Third, there is the global impact of Trump’s protectionist trade strategies to consider. Trade restrictions on China, and quite possibly even the EU, may help relieve competitive pressure on some US industries, but they will, overall, make the world poorer. China’s economy is less robust than it appears, with rising levels of bank debts and it is vulnerable to US pressures to increase the value of its currency. Indeed, my outlook is that there will be anything from a global slowdown in economic growth to a full-blown world economic meltdown. This of course, to a greater or lesser extent, will have a downward pressure on carbon emissions and probably more than offset the impact of Trump’s reversal of Obama’s internal energy measures.
But there’s no doubting the ferocity of the attack on climate change science being waged by many conservative Republicans. Indeed climate change deniers circulate petitions saying that scientists do not accept the notion of human-induced climate change. They get thousands of signatures for this, except that it seems just about anyone with a degree can sign them and that there seems to be a lack of climate scientists themselves signing the petition.

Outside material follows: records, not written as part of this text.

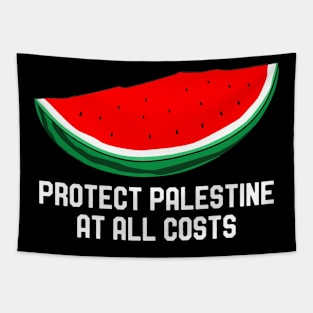 Protect Palestine At All Costs - Fuck Israel Tapestry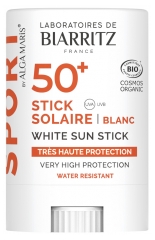 Laboratoires de Biarritz Alga Maris Sport Stick Solaire SPF50+ Bio 12 g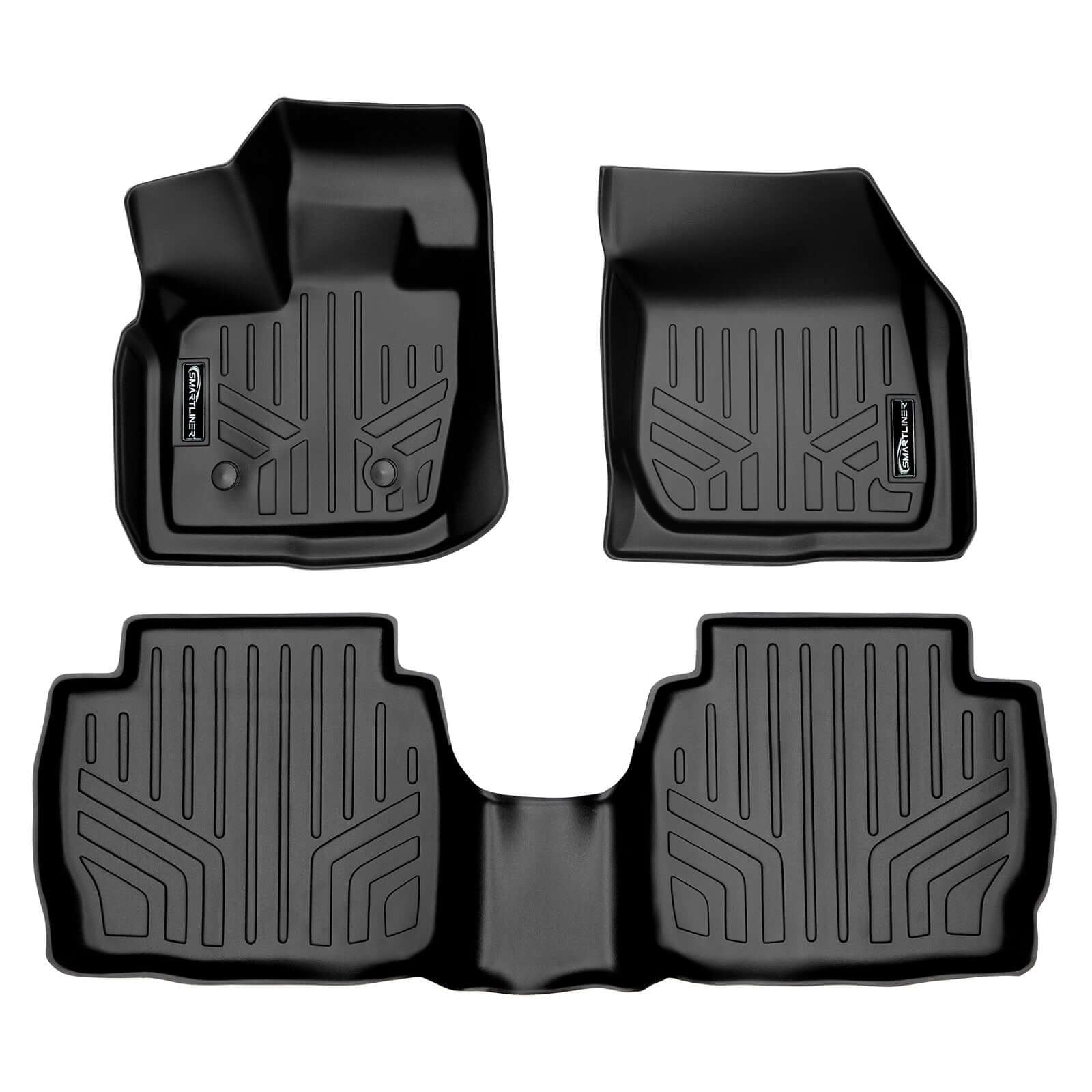 SMARTLINER Floor Liners for 2017-2020 Ford Fusion / Lincoln MKZ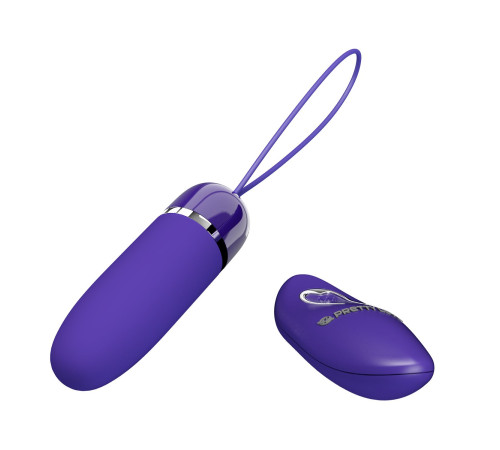 Фиолетовое виброяйцо с пультом ДУ Darlene-Youth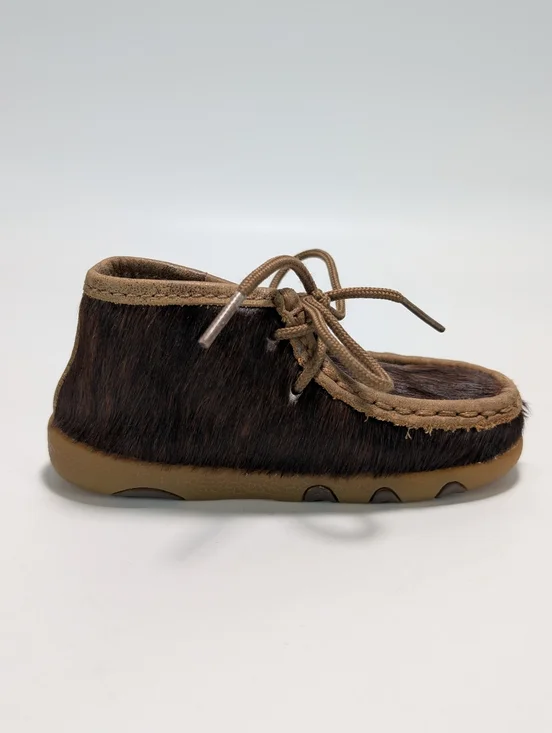 Twisted X Infant Girls' Brindle Chukka Driving Mocs - Picture 5 of 9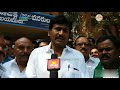 anantapur ysrcp leader topudurthy prakash reddy protest in demand of water for irrigation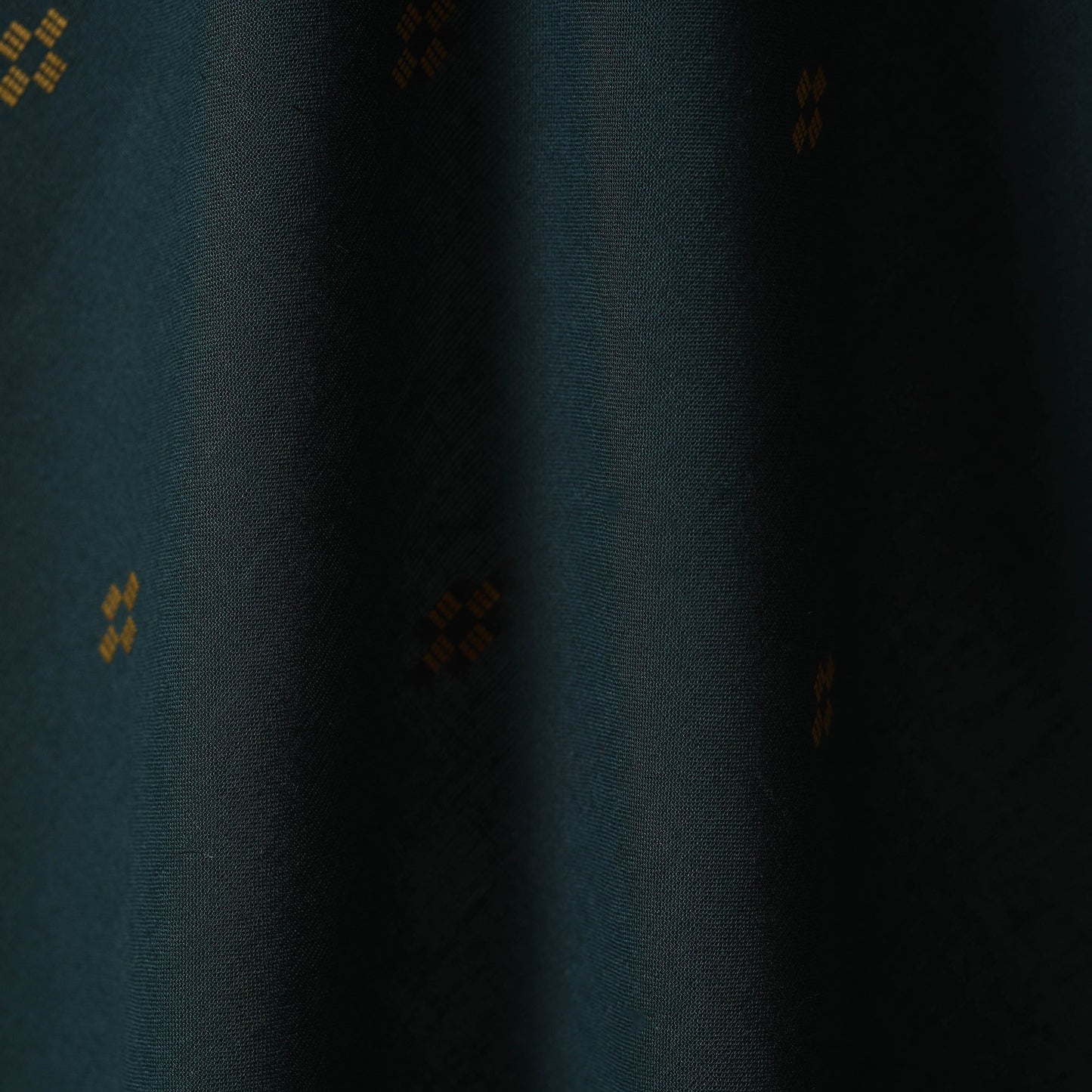 Prewashed cotton jacquard fabric 05 - handcrafted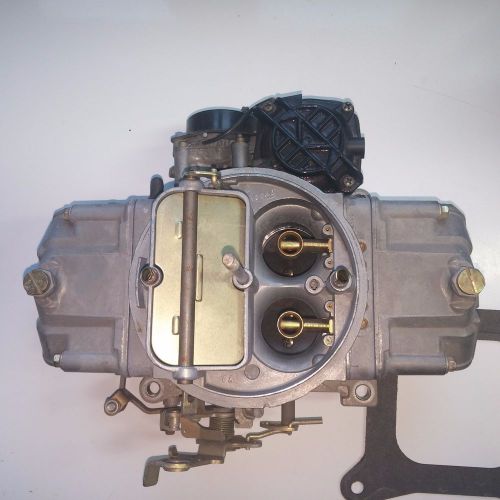 Holly 770 cfm street avenger carburetor electric choke  vacuum secondaries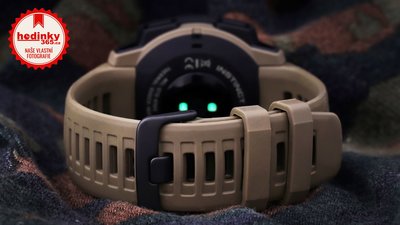 Garmin Instinct Tactical Coyote Tan Optic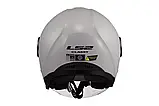 Мотошолом LS2 OF620 Classy Pearl Grey, фото 2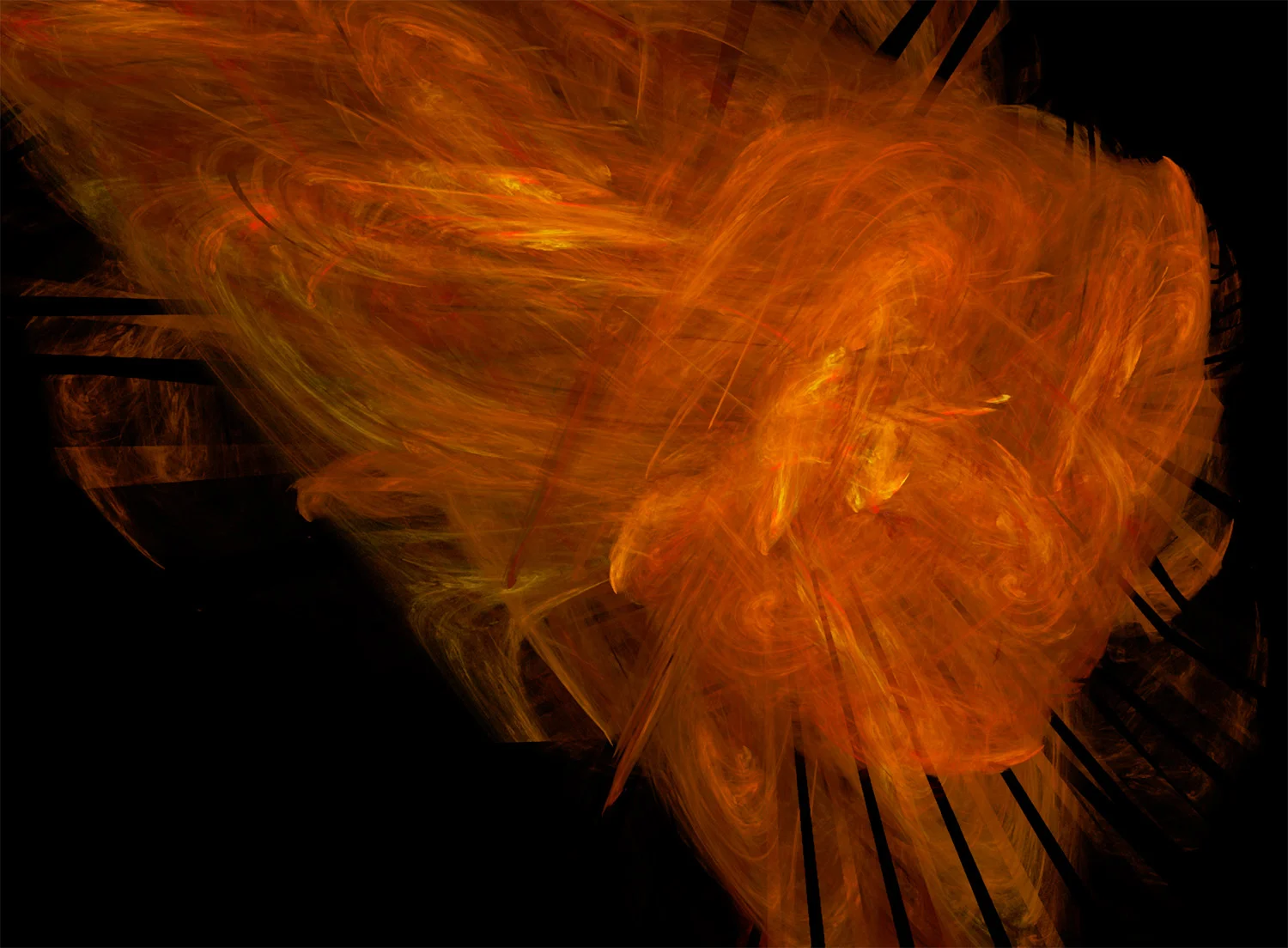 Fractal No. 477 © Kelly Naylor 2011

Trump is apparently intending to abolish NASA’s climate science portal, and administrators working for US Government agencies are scurrying to get their science data copied before it is erased by the ‘post-truth’ brigade. Scott Pruitt, the man picked to be the new Head of the Environmental Protection Agency has said (in the National Review): ‘Scientists continue to disagree about the degree and extent of global warming and its connection to the actions of mankind’.